Cooperation puts us in the driver’s seat

As individuals or organizations, when we make a decision to speak out on a fisheries issue, we can do it in one of two ways – destructively or constructively.

Over the years, it has become clear that in-fighting yields hard feelings, drained bank accounts, worn-out people, and either regulatory paralysis or solutions, designed by managers, that don’t work very well for the people who have to live with them.

But when fishermen agree among themselves and work together, the results can be very different. We often see evidence of this in the pages of CFN and there are some particularly good examples among our guest columns this month.

Jeff Pike, an industry lobbyist, describes how a group of general category scallopers pooled their money to tap the scientific, analytical, and political expertise they needed to convince the National Marine Fisheries Service (NMFS) to allow them to return to critical fishing grounds in the Great South Channel.

As Pike puts it, “It’s easy to just rail against bureaucracy. But this time, all those concerned worked constructively and, as it turned out, productively to solve the problem.”

Greg DiDomenico, executive director of the Garden State Seafood Association, writes about what happened when a diverse group of fishermen and industry reps were thrown together for a four-day meeting of the Atlantic Trawl Gear Take Reduction Team.

By insisting that it was important for NMFS to clearly define what the industry must do to meet the requirements of the law, the industry bloc convinced the agency to identify its request as a priority in the development of a take reduction plan to minimize harm to small cetaceans like dolphins and pilot whales in several trawl gear fisheries.

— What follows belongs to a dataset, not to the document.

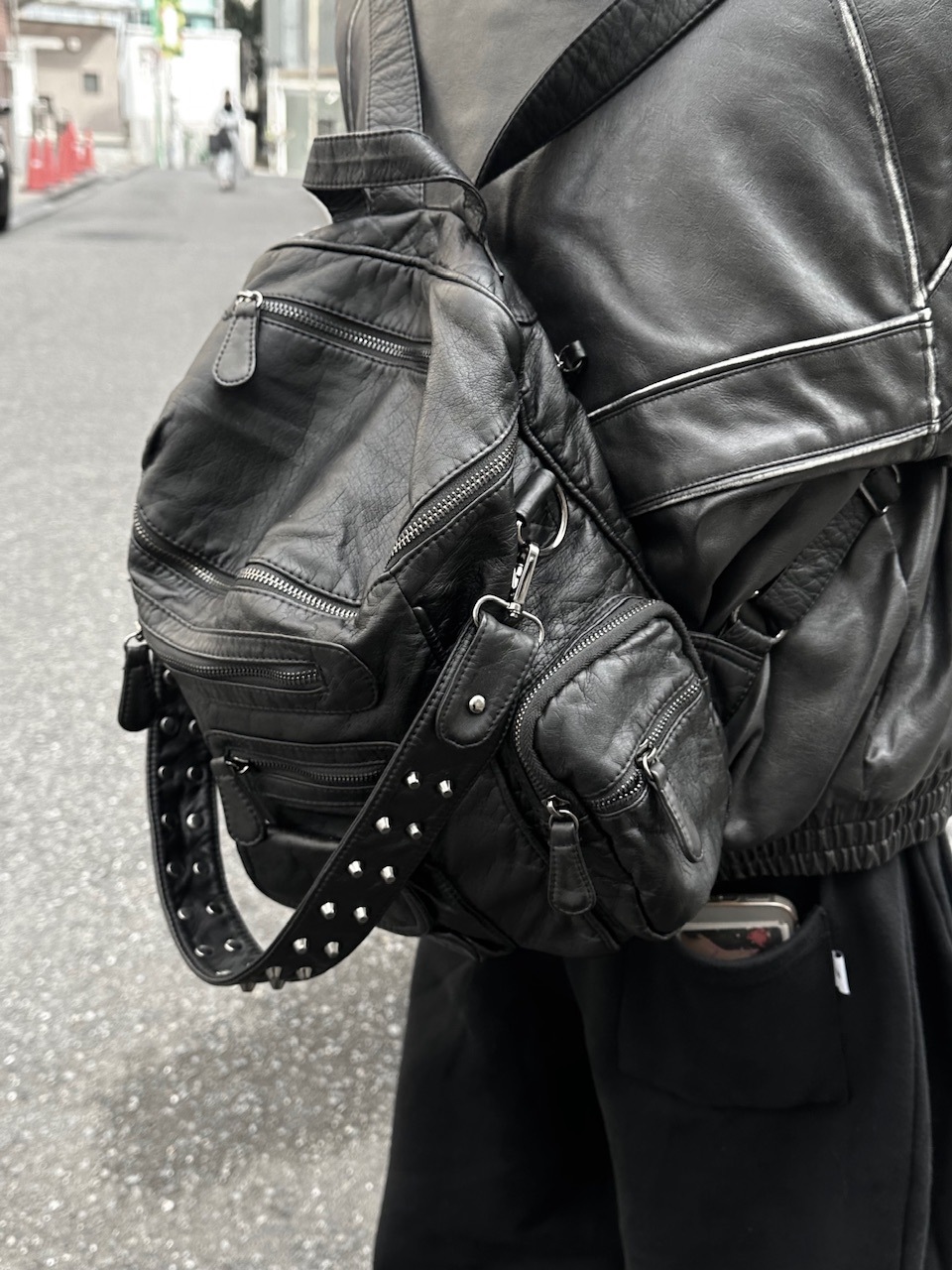 大阪店WEB限定受注制【Chikashitsu +】leather studs backpack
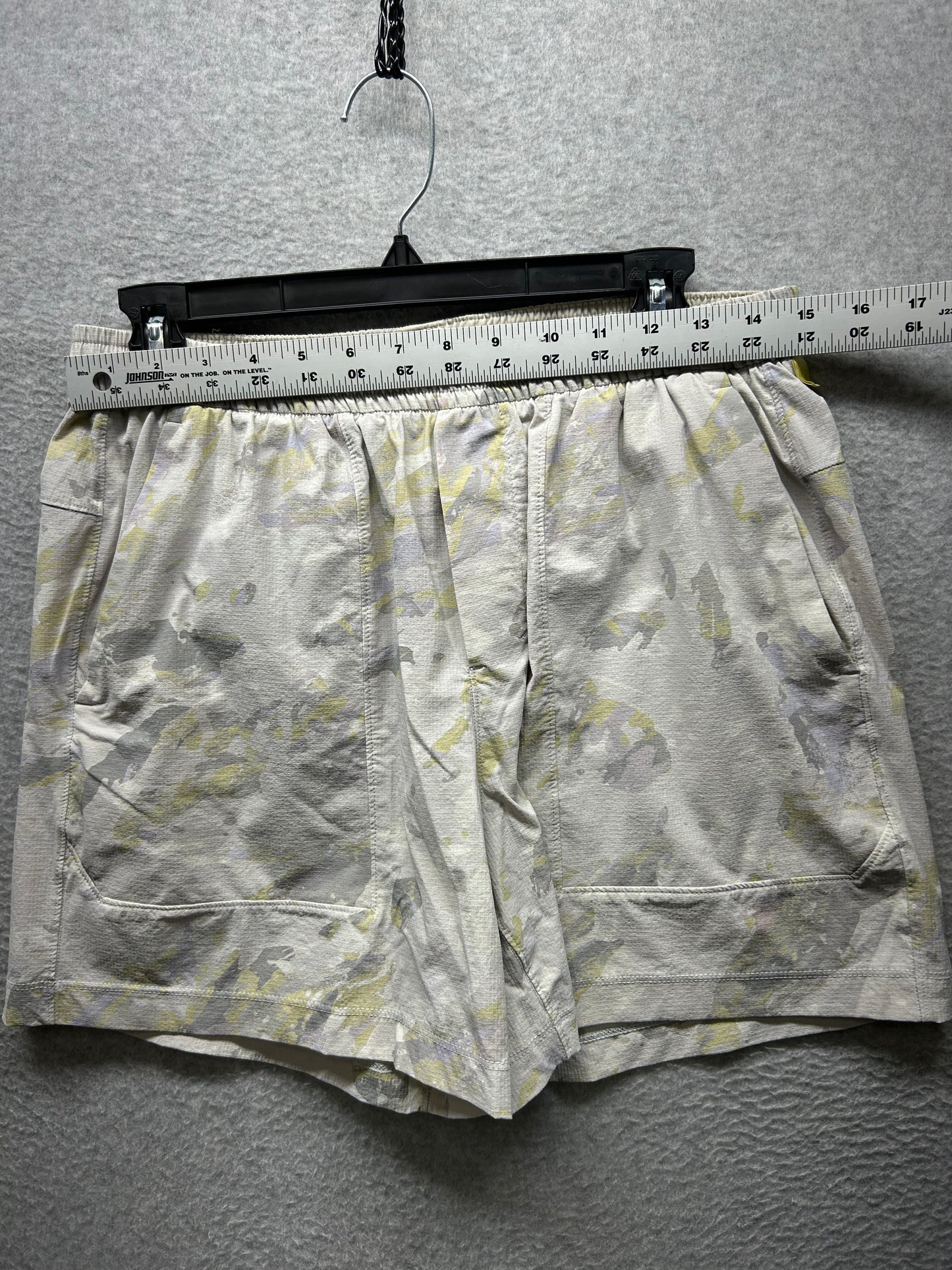 Lululemon Bowline Short 5" Mesh Size Medium Variegated Bloom Finch Yellow Multi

DiDomenico concludes, “This small but significant result demonstrated to me as an industry advocate what we can accomplish when we ignore our fishery-to-fishery differences and work together for the common good.”

Fishermen often have good reason for looking at things from different perspectives. In some cases, they may even have pretty good reasons to hold a grudge. One strategy for getting beyond the hard feelings is to figure out something – even if it’s something minor – that people can agree on and start the conversation there.

Huge challenges now face the industry – reauthorization of the Magnuson-Stevens Fishery Conservation and Management Act, the next step in federal groundfish management, a restructured interstate lobster plan, revitalization of the swordfish fishery, bluefin tuna quota shortfalls, and marine mammal take reduction plans, to name just a few.

With more and more restrictive rules on the horizon for nearly all fisheries in this region, most fishermen are under tremendous pressure and even the very idea of volunteering to give up anything can seem ludicrous. But working together to resolve differences and being able to present unified positions to managers and legislators is one way to at least begin to put the power back where it belongs – in fishermen’s own hands.